#### Work required
Copy each line of the listing below where the word "Forever" turns up.

#### Dataset
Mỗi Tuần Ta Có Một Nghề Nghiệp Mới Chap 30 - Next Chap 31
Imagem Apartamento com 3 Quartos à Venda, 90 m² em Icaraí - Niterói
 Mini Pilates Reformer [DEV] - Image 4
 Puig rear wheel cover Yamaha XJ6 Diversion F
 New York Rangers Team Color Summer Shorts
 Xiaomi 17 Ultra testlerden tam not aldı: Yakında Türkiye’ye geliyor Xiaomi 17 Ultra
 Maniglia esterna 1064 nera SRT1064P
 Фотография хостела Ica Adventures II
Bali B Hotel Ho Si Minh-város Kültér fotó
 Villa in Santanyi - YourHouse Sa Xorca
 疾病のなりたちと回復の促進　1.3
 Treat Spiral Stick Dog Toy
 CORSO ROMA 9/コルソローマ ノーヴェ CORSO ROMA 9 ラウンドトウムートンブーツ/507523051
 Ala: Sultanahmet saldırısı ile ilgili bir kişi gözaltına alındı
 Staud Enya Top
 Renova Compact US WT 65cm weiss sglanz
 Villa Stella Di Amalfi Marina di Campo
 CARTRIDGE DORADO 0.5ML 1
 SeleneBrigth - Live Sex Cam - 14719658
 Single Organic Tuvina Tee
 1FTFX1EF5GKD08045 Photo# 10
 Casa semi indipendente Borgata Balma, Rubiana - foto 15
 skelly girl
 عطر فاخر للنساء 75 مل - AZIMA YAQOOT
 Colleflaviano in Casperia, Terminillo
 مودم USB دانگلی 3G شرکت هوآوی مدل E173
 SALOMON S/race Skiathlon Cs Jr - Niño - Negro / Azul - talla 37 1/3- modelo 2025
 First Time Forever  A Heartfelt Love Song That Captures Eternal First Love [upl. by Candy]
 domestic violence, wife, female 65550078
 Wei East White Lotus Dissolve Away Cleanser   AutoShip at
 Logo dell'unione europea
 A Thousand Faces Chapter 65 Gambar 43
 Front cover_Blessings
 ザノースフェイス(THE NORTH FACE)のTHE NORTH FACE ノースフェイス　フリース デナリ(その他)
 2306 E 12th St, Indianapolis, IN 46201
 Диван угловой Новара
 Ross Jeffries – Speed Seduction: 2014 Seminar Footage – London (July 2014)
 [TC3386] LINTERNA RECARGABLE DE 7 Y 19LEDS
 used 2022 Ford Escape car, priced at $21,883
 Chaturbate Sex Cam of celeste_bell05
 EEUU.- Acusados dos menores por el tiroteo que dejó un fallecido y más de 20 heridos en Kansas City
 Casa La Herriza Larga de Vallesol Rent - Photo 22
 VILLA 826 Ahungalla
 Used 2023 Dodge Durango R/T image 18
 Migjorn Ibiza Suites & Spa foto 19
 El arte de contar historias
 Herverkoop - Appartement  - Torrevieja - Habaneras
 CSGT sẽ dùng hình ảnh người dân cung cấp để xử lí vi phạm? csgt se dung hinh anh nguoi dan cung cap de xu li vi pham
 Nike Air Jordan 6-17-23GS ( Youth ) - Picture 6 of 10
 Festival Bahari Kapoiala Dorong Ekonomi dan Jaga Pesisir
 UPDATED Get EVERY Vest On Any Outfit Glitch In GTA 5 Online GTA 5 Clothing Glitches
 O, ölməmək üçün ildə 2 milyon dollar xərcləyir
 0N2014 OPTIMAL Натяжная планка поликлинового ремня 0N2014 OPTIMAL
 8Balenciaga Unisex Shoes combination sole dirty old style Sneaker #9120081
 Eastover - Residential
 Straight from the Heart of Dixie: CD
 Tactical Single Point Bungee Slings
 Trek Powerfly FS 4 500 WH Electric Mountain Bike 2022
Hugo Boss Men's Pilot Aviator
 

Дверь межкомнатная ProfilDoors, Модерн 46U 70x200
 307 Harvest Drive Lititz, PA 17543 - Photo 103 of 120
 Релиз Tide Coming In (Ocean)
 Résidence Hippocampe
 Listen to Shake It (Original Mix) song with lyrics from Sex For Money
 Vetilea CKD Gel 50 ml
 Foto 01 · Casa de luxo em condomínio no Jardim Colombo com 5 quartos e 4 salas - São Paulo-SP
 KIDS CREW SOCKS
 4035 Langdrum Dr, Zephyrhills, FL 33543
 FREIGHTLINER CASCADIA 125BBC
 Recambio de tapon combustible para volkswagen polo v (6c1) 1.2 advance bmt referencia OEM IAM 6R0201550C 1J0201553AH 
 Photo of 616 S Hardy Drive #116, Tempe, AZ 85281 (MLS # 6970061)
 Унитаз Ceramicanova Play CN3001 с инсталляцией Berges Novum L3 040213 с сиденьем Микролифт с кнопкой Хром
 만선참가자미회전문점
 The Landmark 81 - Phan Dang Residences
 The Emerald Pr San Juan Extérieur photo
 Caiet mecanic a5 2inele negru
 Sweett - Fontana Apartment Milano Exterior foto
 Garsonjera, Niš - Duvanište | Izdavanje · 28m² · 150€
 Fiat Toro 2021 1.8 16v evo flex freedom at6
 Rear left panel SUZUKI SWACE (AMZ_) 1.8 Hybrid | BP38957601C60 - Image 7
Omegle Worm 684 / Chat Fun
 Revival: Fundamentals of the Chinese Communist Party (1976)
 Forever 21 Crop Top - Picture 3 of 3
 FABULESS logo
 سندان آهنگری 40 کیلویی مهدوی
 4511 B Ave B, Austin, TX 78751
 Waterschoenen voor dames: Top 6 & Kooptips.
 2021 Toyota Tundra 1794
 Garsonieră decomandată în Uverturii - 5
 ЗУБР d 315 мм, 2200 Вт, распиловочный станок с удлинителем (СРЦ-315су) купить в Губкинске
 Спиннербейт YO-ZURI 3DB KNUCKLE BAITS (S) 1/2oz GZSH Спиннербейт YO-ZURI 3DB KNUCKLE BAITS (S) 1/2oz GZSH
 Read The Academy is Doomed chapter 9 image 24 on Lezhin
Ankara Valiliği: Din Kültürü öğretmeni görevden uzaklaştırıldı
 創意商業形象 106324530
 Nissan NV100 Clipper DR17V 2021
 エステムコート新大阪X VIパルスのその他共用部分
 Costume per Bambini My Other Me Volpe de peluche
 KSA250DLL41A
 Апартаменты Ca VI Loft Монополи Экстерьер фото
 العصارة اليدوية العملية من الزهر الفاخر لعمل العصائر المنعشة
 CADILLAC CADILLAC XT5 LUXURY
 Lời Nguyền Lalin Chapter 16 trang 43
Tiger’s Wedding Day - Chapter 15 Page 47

#### Result of this task
 First Time Forever  A Heartfelt Love Song That Captures Eternal First Love [upl. by Candy]
 Forever 21 Crop Top - Picture 3 of 3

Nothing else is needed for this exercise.